2. Direkte und übertragene Bedeutung
Man unterscheidet direkte Bedeutung und übertragene Bedeutung.
Direkte Wortbedeutung entsteht bei der primären Nomination bestimmter Erscheinungen und Gegenstände der objektiven Realität. Vgl. das Adjektiv „schwarz" als Farbbezeichnung „von der dunkelsten Farbe, die alle Lichtstrahlen absorbiert, kein Licht reflektiert", z.B. schwarze Schuhe, schwarzes Kleid, eine Trauerkarte mit schwarzem Rand. Die parallelen Termini für diese Bedeutung sind: wörtliche, eigentliche, nominative Bedeutung.
Übertragene Bedeutung entsteht bei der sekundären Nomination. Die Benennung vollzieht sich in diesem Fall nicht mit den Mitteln der konkret sinnlichen Beobachtung, sondern auf Grund eines qualitativ höheren Abstraktionsvorganges, wobei das Konkretsinnliche der eigentlichen oder direkten Bedeutung des Wortes zu einer neuen Bezeichnungsfunktion führt.

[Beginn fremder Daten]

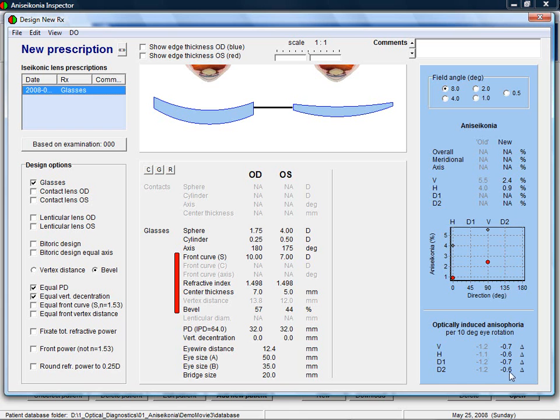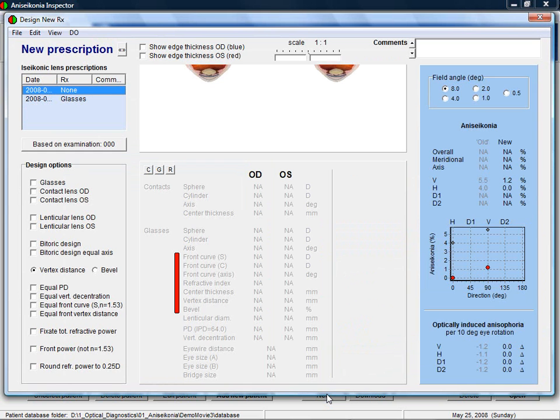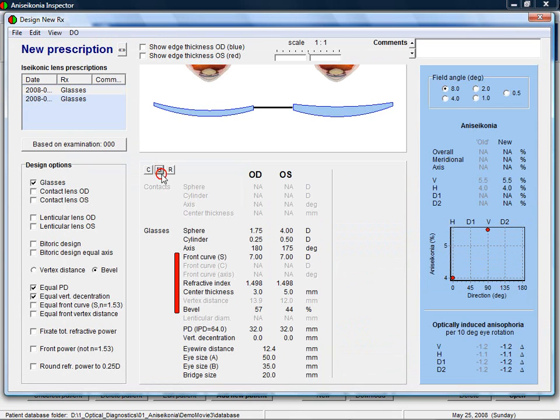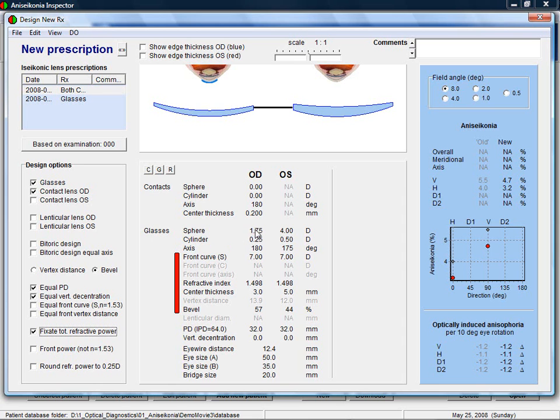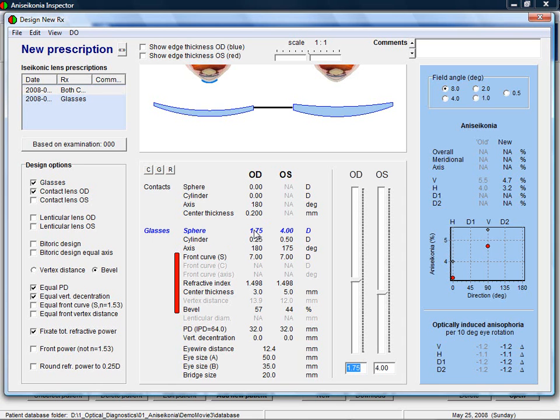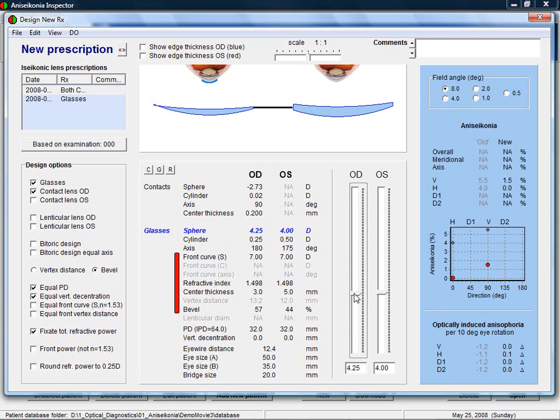Let's go back and decide a new prescription based on one contact lens. We will start again with the same glasses as used during the testing. Now we add a contact lens to the right eye. A very useful option is to keep the total refractive power constant. If now the power of the spectacle lens is changed, you can see that automatically the power of the contact lens is updated to keep the total refractive power constant.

So entsteht auf Grund der konkret sinnlichen Farbbezeichnung „schwarz" eine Reihe von abgeleiteten Bedeutungen zur Bezeichnung für abstrakte Begriffe wie
(a) „düster, unheilvoll", z.B. schwarze Gedanken;
(b) „boshaft", „niederträchtig", z.B. eine schwarze Tat, schwarze Pläne;
(c) „illegal", z.B. etwas schwarz kaufen.
Der parallele Terminus zur übertragenen Bedeutung ist uneigentliche Bedeutung.
Den Kern eines polysemen Wortes bildet die direkte Bedeutung. Sie wird als Hauptbedeutung bezeichnet. Diese Bedeutung taucht auch bei isolierter Nennung des Wortes im Bewusstsein der meisten Angehörigen der Sprachgemeinschaft zuerst auf.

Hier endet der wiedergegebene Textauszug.